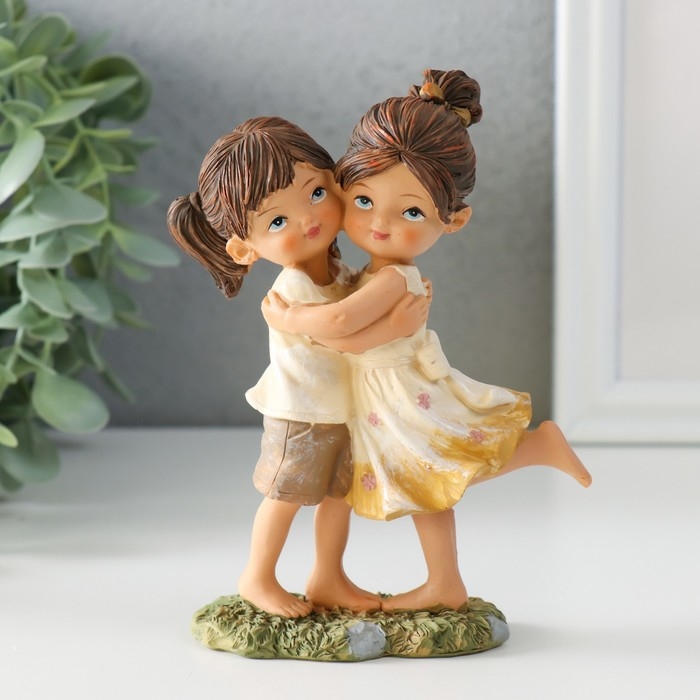 Сувенир полистоун  Сувенир полистоун "Лучшие подружки" 9,5х5х13 см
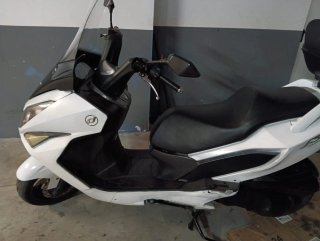 Scooter Daelim S3 Blanco y negro itv asta 2027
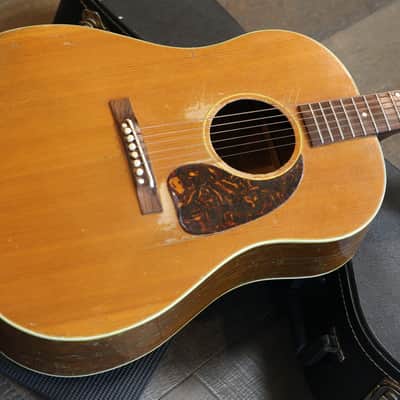 Vintage! 1940's Gibson J-50 Dreadnought Acoustic Guitar Natural + HSC image 2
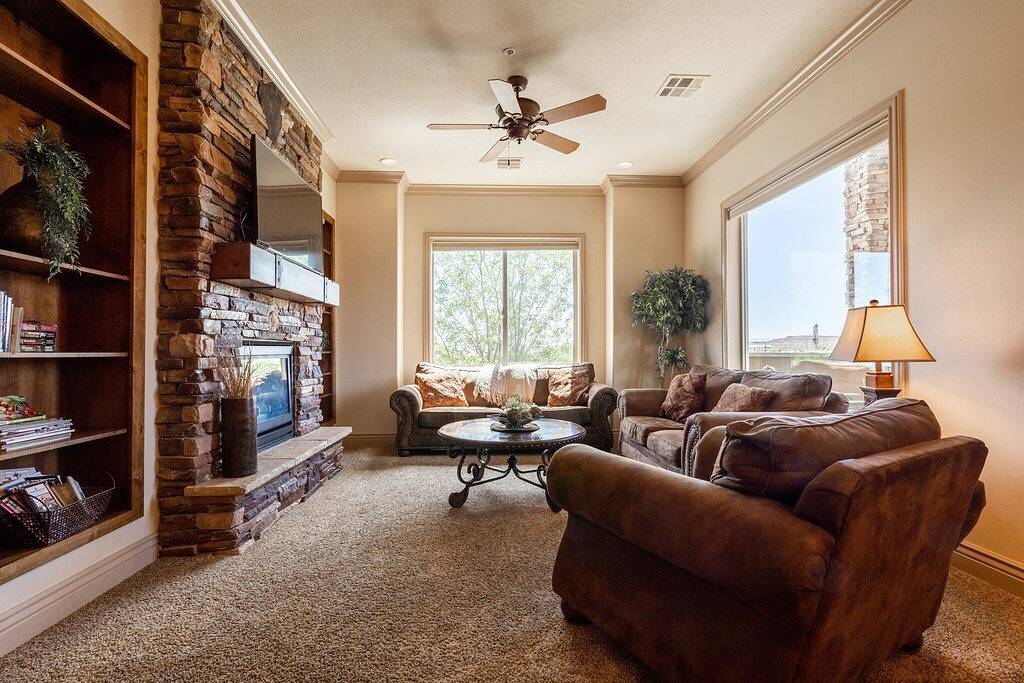 Ganze Wohnung, Upscale 3 Zimmer Wohnung mit vielen Annehmlichkeiten $ 199 / Low - $ 295 / High, Holida in Hurricane, Zion Nationalpark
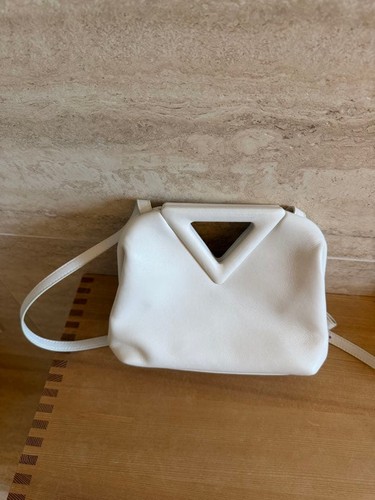 Bottega veneta triangle point - bottega,
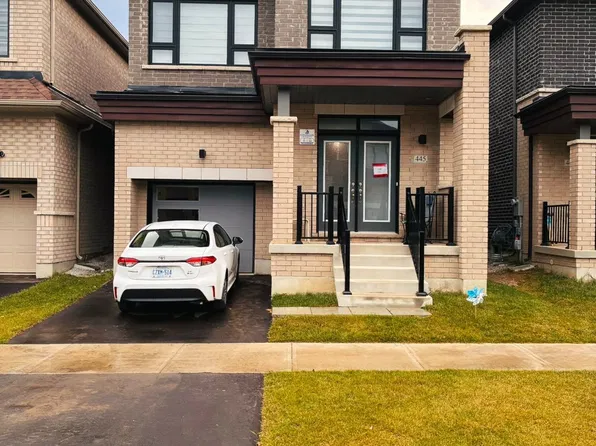 445 Kennedy Cir W, Milton, ON L9E 1P5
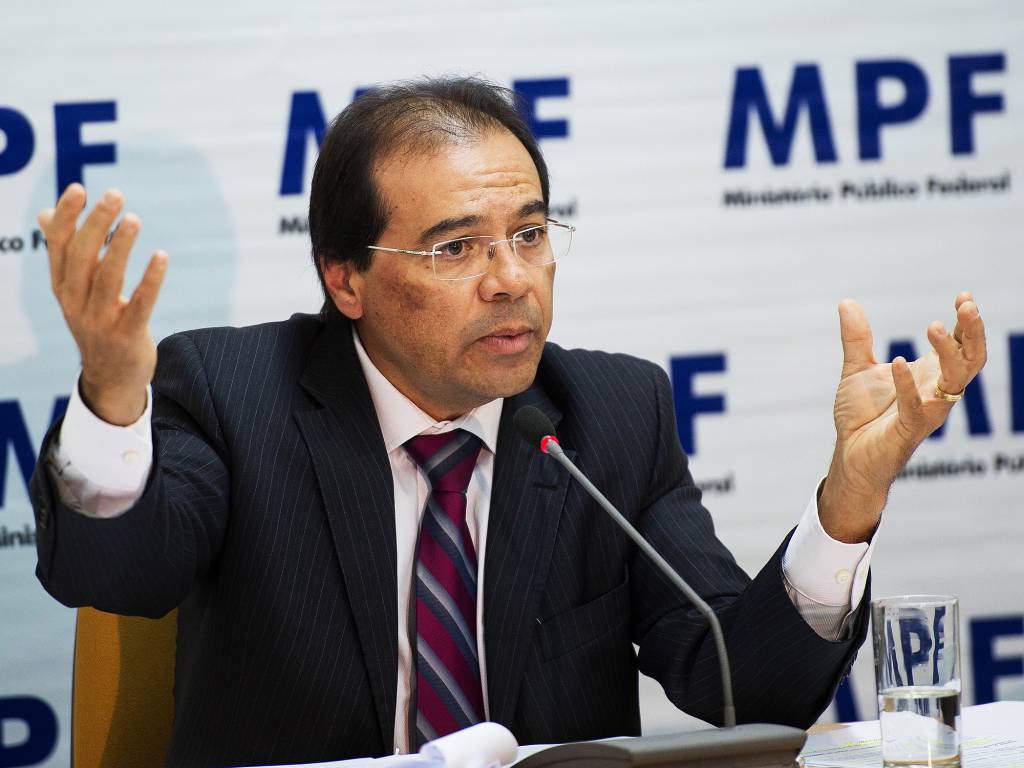 O jornalista Luís Nassif lembra em artigo uma palestra de 2013 do procurador Nicolao Dino, pouco depois de deflagrada a Operação Lava Jato; 'Dino Neto considera que, na era da informação, o princípio da presunção da inocência foi substituído pelo princípio da cognitividade: "O sujeito que aparece nas manchetes de jornais de domingo está condenado. Muitas vezes pela voz de um procurador, pela antecipação de um juízo de valor por um juiz. Devemos repudiar isso"', lembra Nassif (Foto: Romulo Faro) O jornalista Luís Nassif lembra em artigo uma palestra de 2013 do procurador Nicolao Dino, pouco depois de deflagrada a Operação Lava Jato; 'Dino Neto considera que, na era da informação, o princípio da presunção da inocência foi substituído pelo princípio da cognitividade: "O sujeito que aparece nas manchetes de jornais de domingo está condenado. Muitas vezes pela voz de um procurador, pela antecipação de um juízo de valor por um juiz. Devemos repudiar isso"', lembra Nassif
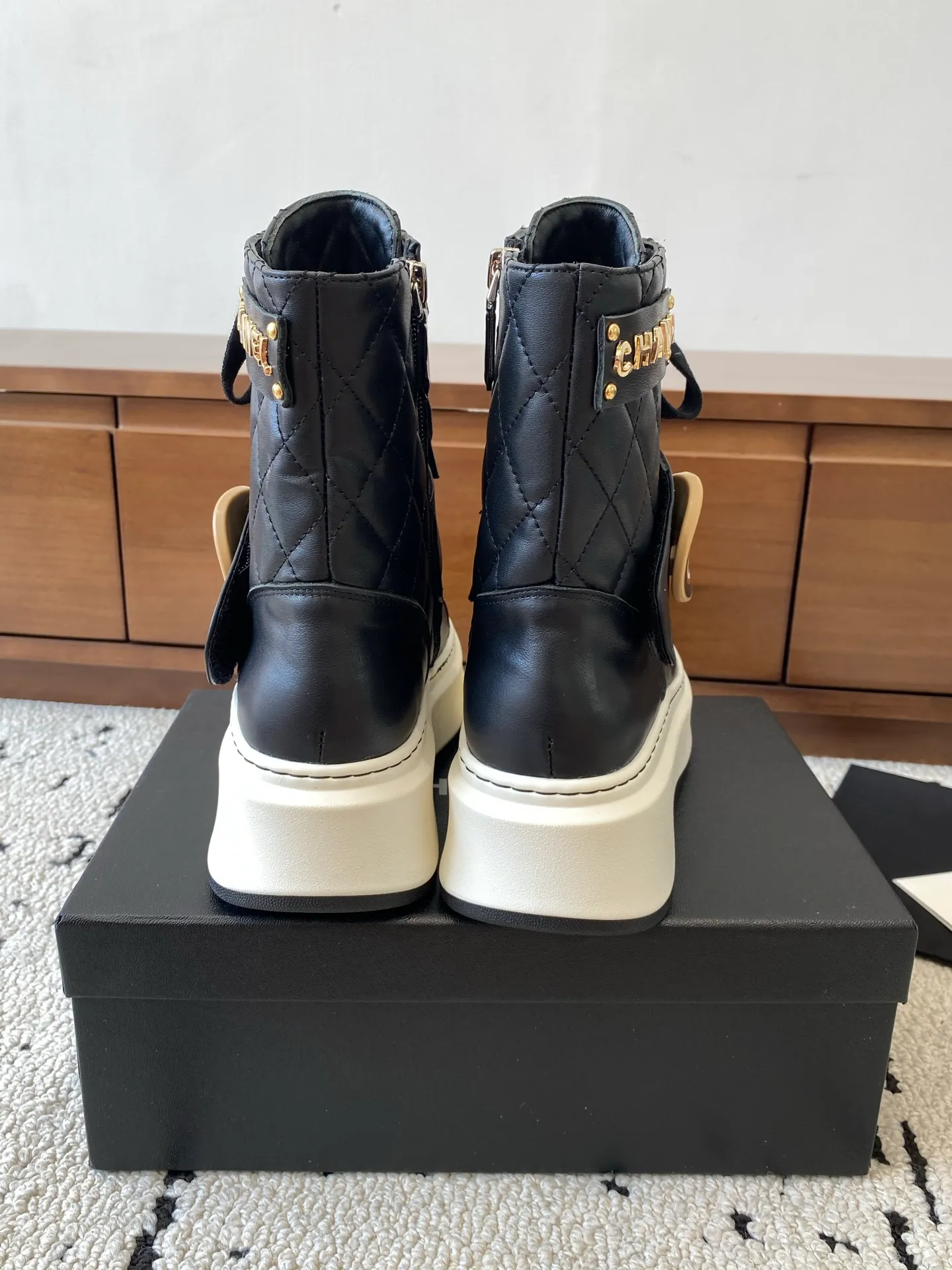 👟👟Ex-factory price 760👟👟 CHANEL 2025s autumn and winter series thick-soled short boots, made of imported cowhide, with an additional height of 5cm to show leg length. The boots follow Chanel's classic rhombus pattern, and add this year's popular sun buckle. Xiao Meimei likes it especially. This is Chanel's hot style for autumn and winter this year. With the traditional inner zipper, it is easy to put on the feet and super comfortable. It is a must-have for this autumn and winter. Upper material: imported cowhide with rhombus microfiber, washed denim ❤︎ Consistently authentic ❤︎ Outsole: original Italian TPU foam outsole Number of yards: 35-40 (Customized size 40 is non-refundable and non-exchangeable) Buy now 👉 Buy now 👉 Buy now 👉 Buy now 👉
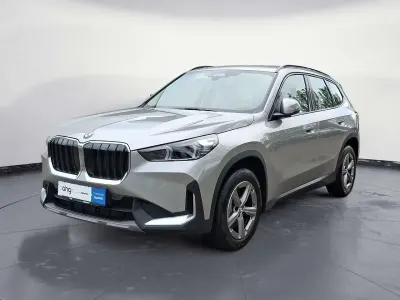 Używany BMW X1 156 KM (114 kW) 2025 Srebrny SUV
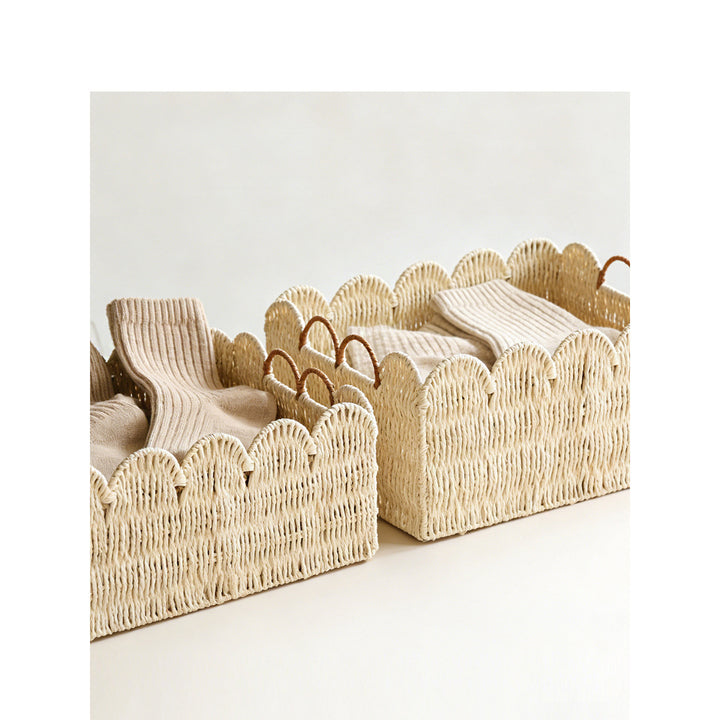 Decorative basket with wave edge Bowlift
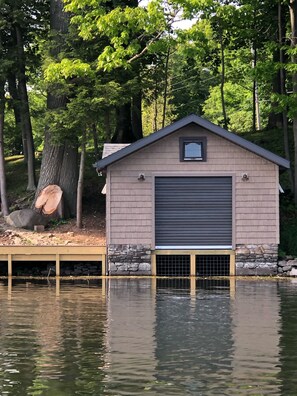 Exterior - Hidden Cove (Findley Lake)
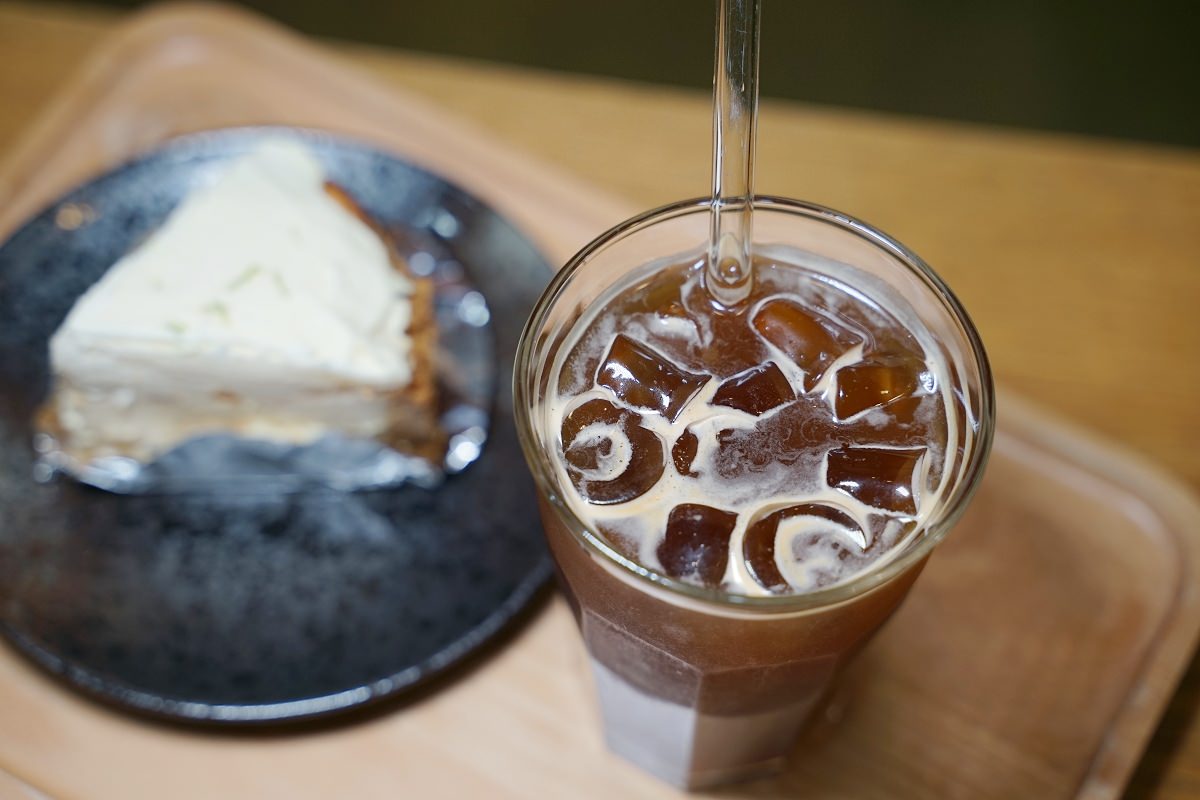 【新莊後港咖啡館推薦】TSCA金杯獎義式組TOP4 自家烘焙美味蛋糕 黑沐咖啡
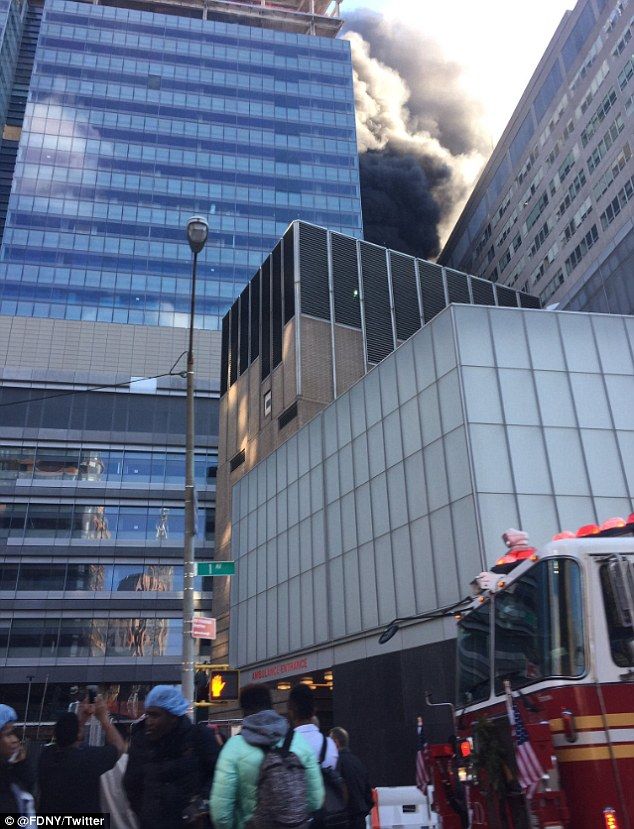 Video: incendio consume hospital en Nueva York - incendio-nueva-york-1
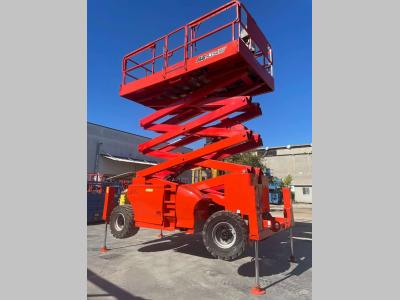 JLG 4394RT vendida por Centro Usato Srl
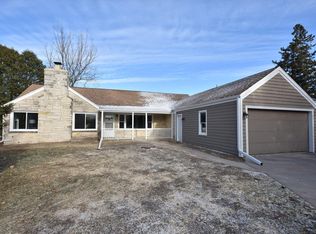 1130 Sunset Ct, Grafton, WI 53024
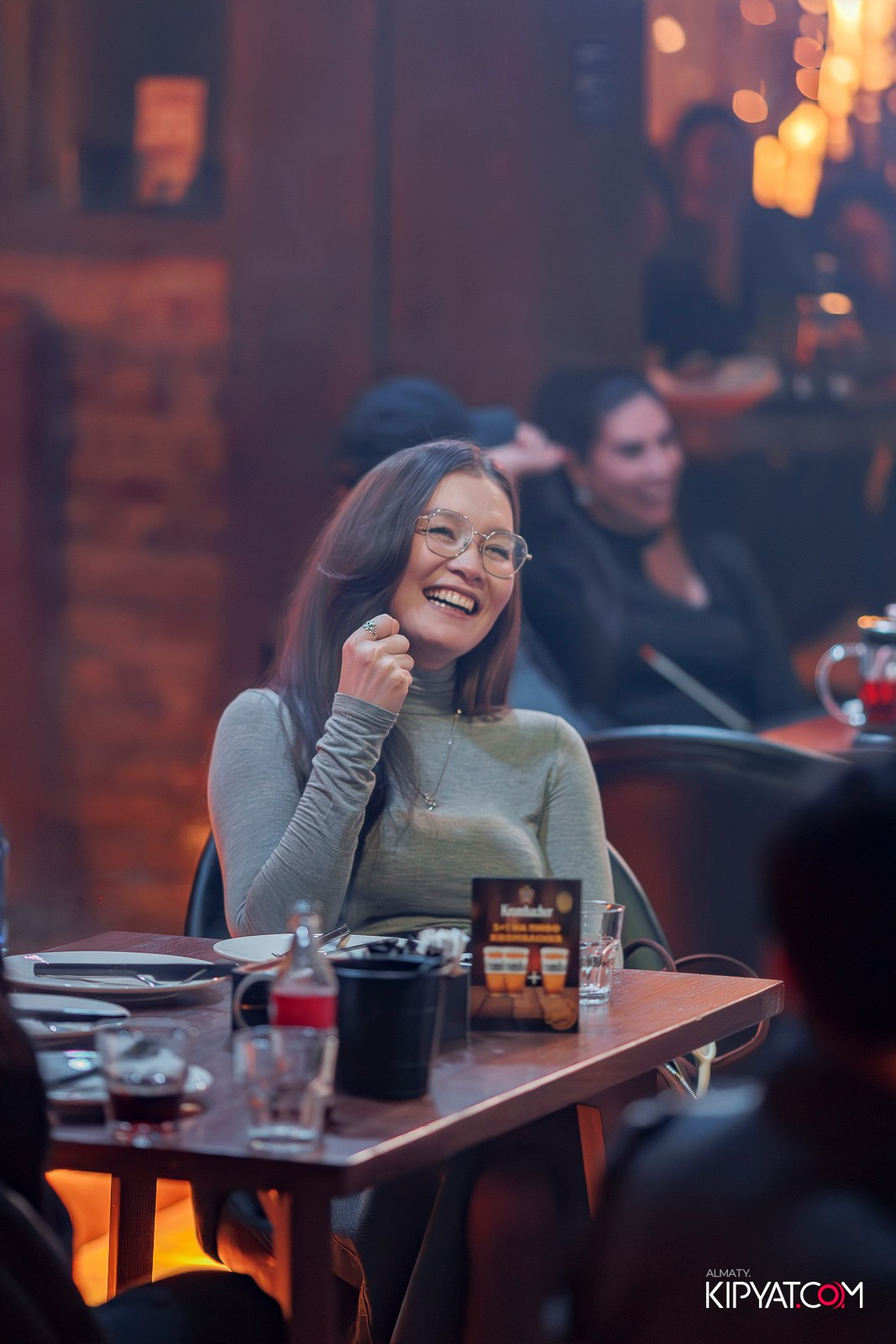 STAND UP КОНЦЕРТ АЛЕКСАНДРА МЕРКУЛЬ. КИПЯТКОМ АЛМАТЫ! Фотосъемка мероприятий в Алматы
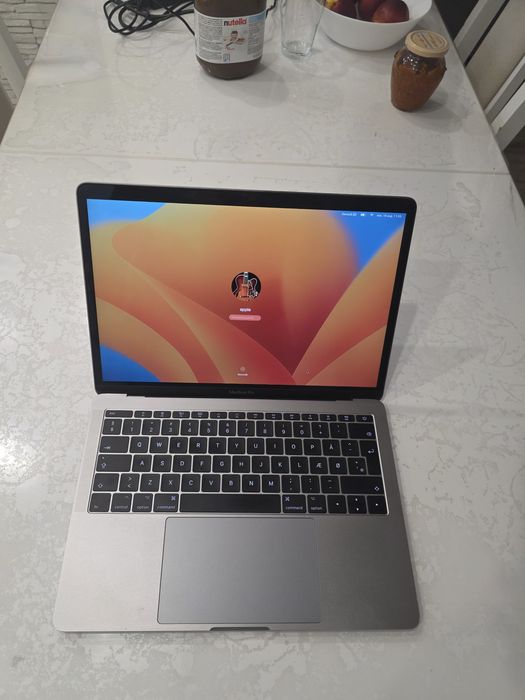 Macbook pro apple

=====

- Instructions to follow -
What you write out is the stretch of entries from the line containing "Exterior - Hidden Cove (Findley Lake)" to the line containing "1130 Sunset Ct, Grafton, WI 53024", word for word, with both end lines and no pictures.

- Finished exercise -
 Exterior - Hidden Cove (Findley Lake)
 【新莊後港咖啡館推薦】TSCA金杯獎義式組TOP4 自家烘焙美味蛋糕 黑沐咖啡
 Video: incendio consume hospital en Nueva York - incendio-nueva-york-1
 JLG 4394RT vendida por Centro Usato Srl
 1130 Sunset Ct, Grafton, WI 53024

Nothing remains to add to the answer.